Pemerintah pun perlu melihat hal ini lebih jauh, karena sekarang situasinya dalam konteks Pilpres,
sehingga promosi ini perlu dievaluasi dengan mempertimbangkan kecemburuan sosial, serta perspektif
lawan- lawan politiknya agar tidak memancing mereka untuk bereaksi. Dengan efek yang cukup krusial
ini, pemerintah perlu melakukan evaluasi dan mengemas kembali konsep sosialisasi tersebut dengan
tidak sekedar menonjolkan sisi Jokowinya saja, tetapi lebih menonjolkan kerjasama atau kebersamaan
pemerintahannya. Kan waduk itu bagian dari kinerja PUPR juga, sehingga sisi pemerintahan yang utuh
yang perlu ditampilkan. Dengan itu, metode sosialisasi pemerintah perlu diformulasi ulang agar dalam
penyampaiannya tidak menimbulkan salah persepsi.

Agar tidak terkesan menjadi korban politik, Kemenkominfo perlu untuk main lebih cantik dengan
mengemas ulang metode sosialisasinya dengan mempertimbangkan orientasi dan cara berpikir publik
menyikapi sebuah komunikasi massa yang dilakukan pemerintah. Tetapi, selain menjadi korban, bisa jadi
juga hal ini dilakukan secara sengaja sebagai ajang eksistensi dari Kemenkominfo. Menteri kan juga ingin
menampilkan kinerjanya di depan Presiden, mungkin dengan harapan agar dapat terpilih kembali ketika
petahana memenangkan Pilpres. Tetapi bisa juga, hal ini disengaja karena menganggap kesalahan
Kemenkominfo sebagai entry point bagi lawan politik kubu Jokowi untuk menciptakan polemik.

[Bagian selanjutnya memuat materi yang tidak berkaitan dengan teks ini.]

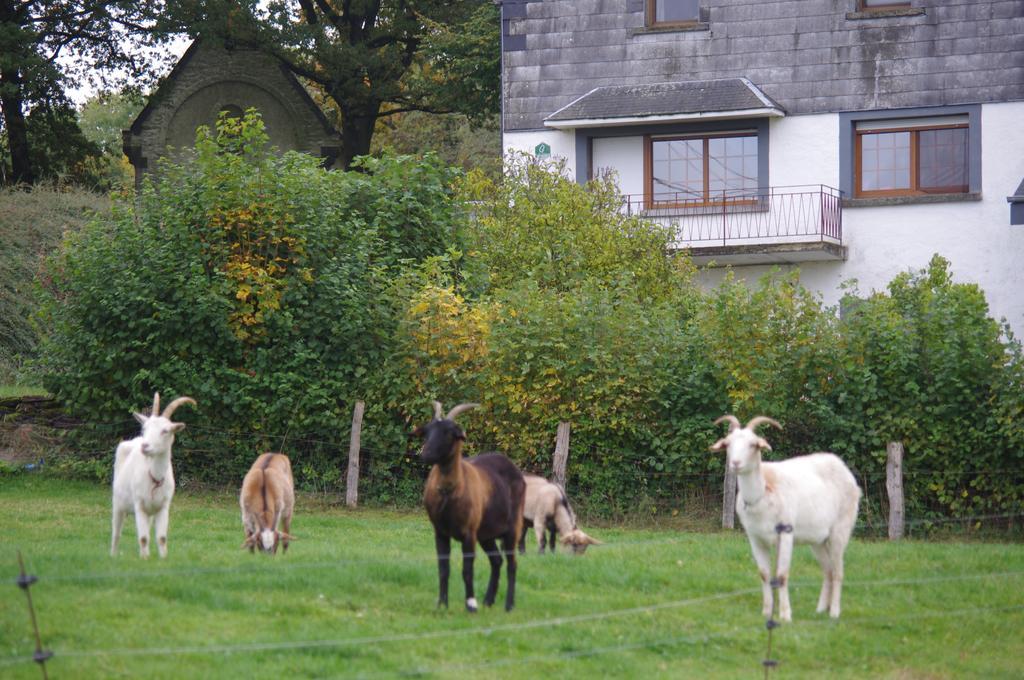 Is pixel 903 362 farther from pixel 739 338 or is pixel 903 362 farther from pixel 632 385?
pixel 632 385

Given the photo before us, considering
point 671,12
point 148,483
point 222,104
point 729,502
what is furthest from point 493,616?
point 222,104

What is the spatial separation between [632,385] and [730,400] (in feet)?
4.39

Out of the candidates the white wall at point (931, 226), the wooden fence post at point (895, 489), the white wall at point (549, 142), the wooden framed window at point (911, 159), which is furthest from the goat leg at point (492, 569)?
the wooden framed window at point (911, 159)

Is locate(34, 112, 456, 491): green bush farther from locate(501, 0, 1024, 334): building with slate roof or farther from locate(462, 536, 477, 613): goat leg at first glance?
locate(501, 0, 1024, 334): building with slate roof

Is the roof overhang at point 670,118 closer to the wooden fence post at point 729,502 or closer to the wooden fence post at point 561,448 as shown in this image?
the wooden fence post at point 561,448

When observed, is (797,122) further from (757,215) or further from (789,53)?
(757,215)

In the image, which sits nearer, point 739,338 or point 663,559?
point 663,559

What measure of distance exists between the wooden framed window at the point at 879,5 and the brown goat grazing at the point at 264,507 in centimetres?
1916

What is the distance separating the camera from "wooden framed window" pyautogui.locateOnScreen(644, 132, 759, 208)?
29.2 m

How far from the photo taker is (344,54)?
123ft

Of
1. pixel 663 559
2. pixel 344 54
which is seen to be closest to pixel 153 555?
pixel 663 559

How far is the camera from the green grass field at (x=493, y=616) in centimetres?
955

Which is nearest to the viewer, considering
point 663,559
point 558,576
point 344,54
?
point 558,576

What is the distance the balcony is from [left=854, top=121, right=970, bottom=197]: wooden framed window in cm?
97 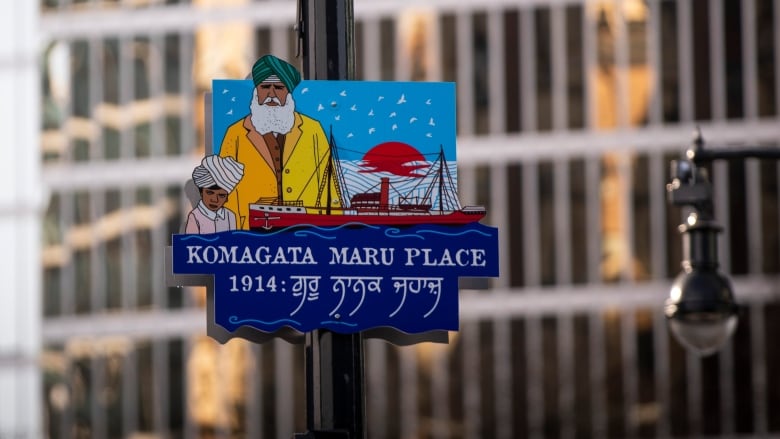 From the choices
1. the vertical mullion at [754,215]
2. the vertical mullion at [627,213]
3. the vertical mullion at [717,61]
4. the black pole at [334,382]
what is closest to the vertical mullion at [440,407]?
the vertical mullion at [627,213]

Memang, tembok politik antara pemerintahan dan politik itu sangat tipis. Karena sudah menjadi rahasia
umum bahwa petahana menggunakan fasilitas- fasilitas yang ada, menggunakan segala sumber daya
yang dimiliki untuk memenangkan kekuasaannya. Hal ini pun sudah berlangsung lama. Pada periode
kedua SBY pun, beliau menggunakan mekanisme BLT sebagai salah satu atribut kampanyenya. Nah,
batas tipis ini memang yang perlu untuk kembali dilihat. Sejauh tidak melanggar aturan, menurut saya
sah- sah saja. Tetapi ketika sudah melanggar aturan, maka perlu disikapi.

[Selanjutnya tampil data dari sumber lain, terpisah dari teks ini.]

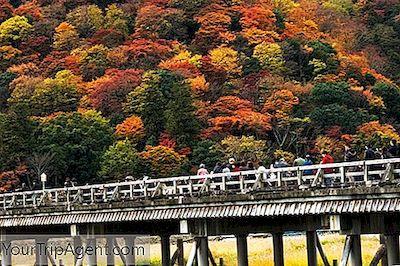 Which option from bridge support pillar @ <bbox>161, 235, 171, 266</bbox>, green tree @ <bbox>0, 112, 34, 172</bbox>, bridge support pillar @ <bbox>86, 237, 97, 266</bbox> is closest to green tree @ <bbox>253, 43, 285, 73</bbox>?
green tree @ <bbox>0, 112, 34, 172</bbox>

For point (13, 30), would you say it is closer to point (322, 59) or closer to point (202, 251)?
point (322, 59)

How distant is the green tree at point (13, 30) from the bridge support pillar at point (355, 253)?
79174mm

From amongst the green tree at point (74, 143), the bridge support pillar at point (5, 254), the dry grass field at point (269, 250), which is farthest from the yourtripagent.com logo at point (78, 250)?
the green tree at point (74, 143)

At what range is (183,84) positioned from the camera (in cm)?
8462

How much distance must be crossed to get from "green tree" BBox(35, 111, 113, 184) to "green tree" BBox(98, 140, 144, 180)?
4.30ft

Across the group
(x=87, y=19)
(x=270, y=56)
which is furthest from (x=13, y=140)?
(x=87, y=19)

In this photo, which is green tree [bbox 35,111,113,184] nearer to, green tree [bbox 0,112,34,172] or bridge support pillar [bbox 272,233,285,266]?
green tree [bbox 0,112,34,172]

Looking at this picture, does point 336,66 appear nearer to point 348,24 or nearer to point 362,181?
point 348,24

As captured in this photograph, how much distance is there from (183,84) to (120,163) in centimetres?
1023

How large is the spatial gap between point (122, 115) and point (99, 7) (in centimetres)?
3031

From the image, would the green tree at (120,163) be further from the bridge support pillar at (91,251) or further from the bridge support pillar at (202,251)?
the bridge support pillar at (202,251)

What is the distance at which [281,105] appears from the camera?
86.2 m

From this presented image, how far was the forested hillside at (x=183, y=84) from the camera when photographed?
79688mm

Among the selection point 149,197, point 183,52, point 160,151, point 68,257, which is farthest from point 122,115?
point 149,197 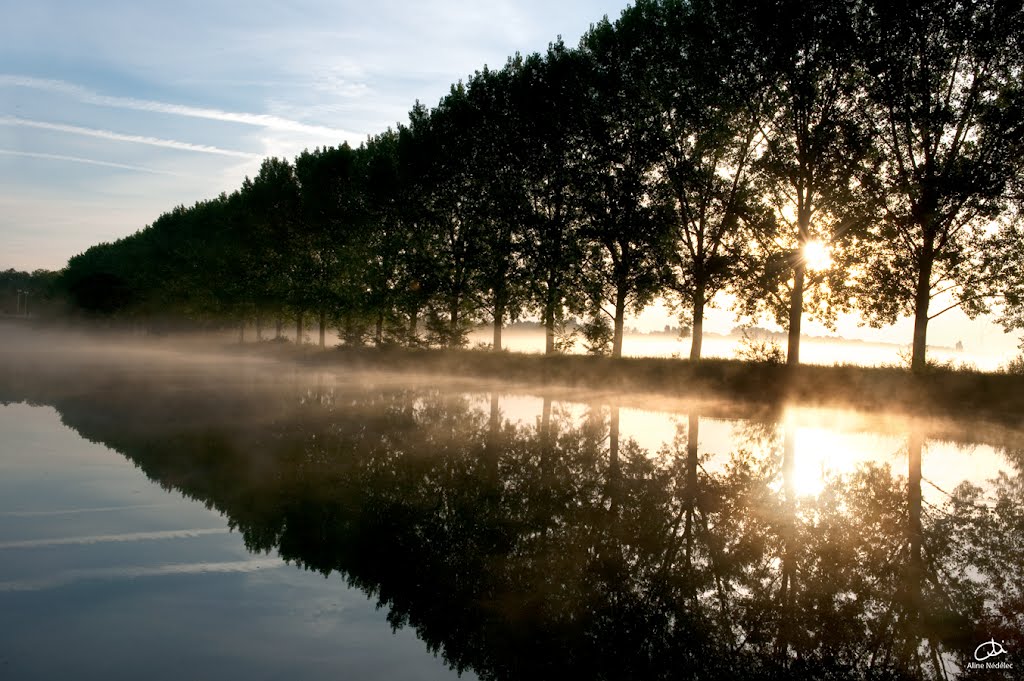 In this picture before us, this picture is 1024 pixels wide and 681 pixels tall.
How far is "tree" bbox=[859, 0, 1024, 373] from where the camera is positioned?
27469 millimetres

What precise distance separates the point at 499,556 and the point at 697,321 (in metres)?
28.1

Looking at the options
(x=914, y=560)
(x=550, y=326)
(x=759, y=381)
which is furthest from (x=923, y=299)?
(x=914, y=560)

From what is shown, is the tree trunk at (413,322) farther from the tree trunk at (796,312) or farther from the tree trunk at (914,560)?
the tree trunk at (914,560)

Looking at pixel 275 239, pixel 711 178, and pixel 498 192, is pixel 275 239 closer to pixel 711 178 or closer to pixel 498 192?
pixel 498 192

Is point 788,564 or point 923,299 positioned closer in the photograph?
point 788,564

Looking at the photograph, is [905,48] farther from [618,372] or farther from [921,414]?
[618,372]

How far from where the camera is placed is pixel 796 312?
30875 mm

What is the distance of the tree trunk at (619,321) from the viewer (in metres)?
37.5

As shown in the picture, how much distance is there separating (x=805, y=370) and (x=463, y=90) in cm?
2872

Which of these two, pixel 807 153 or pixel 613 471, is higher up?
pixel 807 153

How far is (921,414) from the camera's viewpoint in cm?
2419

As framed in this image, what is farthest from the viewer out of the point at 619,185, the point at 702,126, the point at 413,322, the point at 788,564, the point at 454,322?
the point at 413,322

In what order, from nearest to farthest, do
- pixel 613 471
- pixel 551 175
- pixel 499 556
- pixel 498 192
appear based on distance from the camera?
pixel 499 556
pixel 613 471
pixel 551 175
pixel 498 192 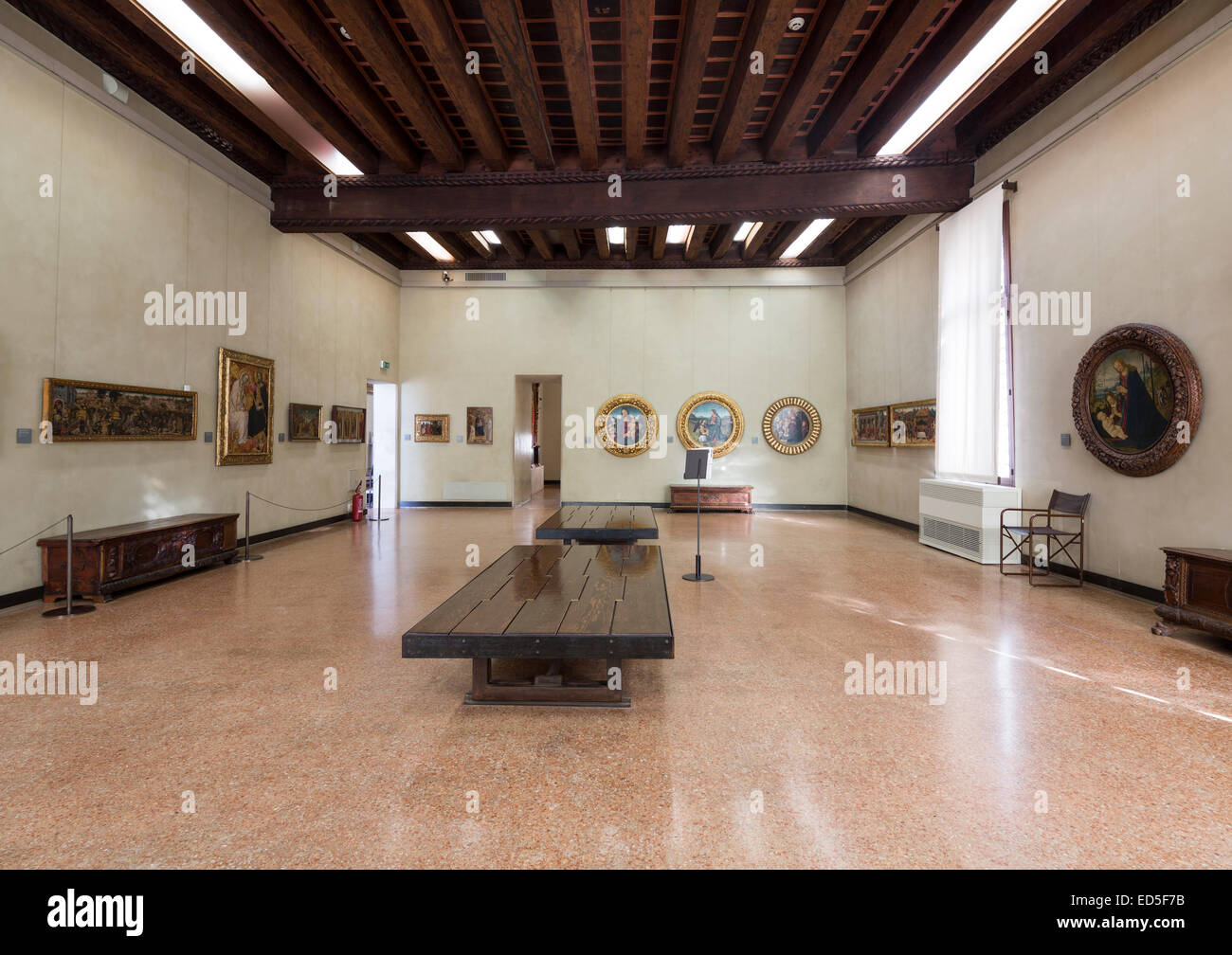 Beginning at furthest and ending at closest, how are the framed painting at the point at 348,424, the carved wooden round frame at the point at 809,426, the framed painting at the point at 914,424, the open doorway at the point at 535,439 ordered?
the open doorway at the point at 535,439
the carved wooden round frame at the point at 809,426
the framed painting at the point at 348,424
the framed painting at the point at 914,424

Jadi menurut saya, hal ini membutuhkan payung hukum yang jelas. Sejauh mana kepentingan-
kepentingan pemerintahan dan kepentingan kampanye bisa dipisahkan secara baik. Ini kan soal
management pemerintah, karena larangan untuk menggunakan fasilitas maupun kebijakan negara
untuk kampanye sudah diatur dalam perundang- undangan Pemilu.

Tetapi, praktik di lapangan seringkali tidak semudah yang terterah di tataran normatif. Sehingga ketika
kebijakan tersebut diimpelentasi, perlu dibuatkan suatu blueprint atau pedoman yang tegas dan jelas
sehingga prasangka dan asumsi politik itu bisa diminimalisir. Dalam hal ini, Bawaslu seharusnya
mengawal sejak awal, bukan sekedar melalui pendekatan kuratif saja, tetapi juga preventif. Sehingga
kasus- kasus itu tidak terulang kembali. Untuk itu, dengan kasus ini, Bawasu perlu untuk kembali
mengevaluasi diri sehingga dapat menghasilkan pekerjaan pengawasan yang lebih terukur dan terarah,
sekaligus menyelesaikan persoalan- persoalan di lapangan agar tidak menjadi bola liar di tengah publik.
Karena kasus di lapangan itu kan terkadang bergelindam dengan kasus yang lain, sehingga menjadi virus
dan mewabah kemana mana. Untuk itu, Bawaslu perlu untuk melakukan pemutusan mata rantai itu.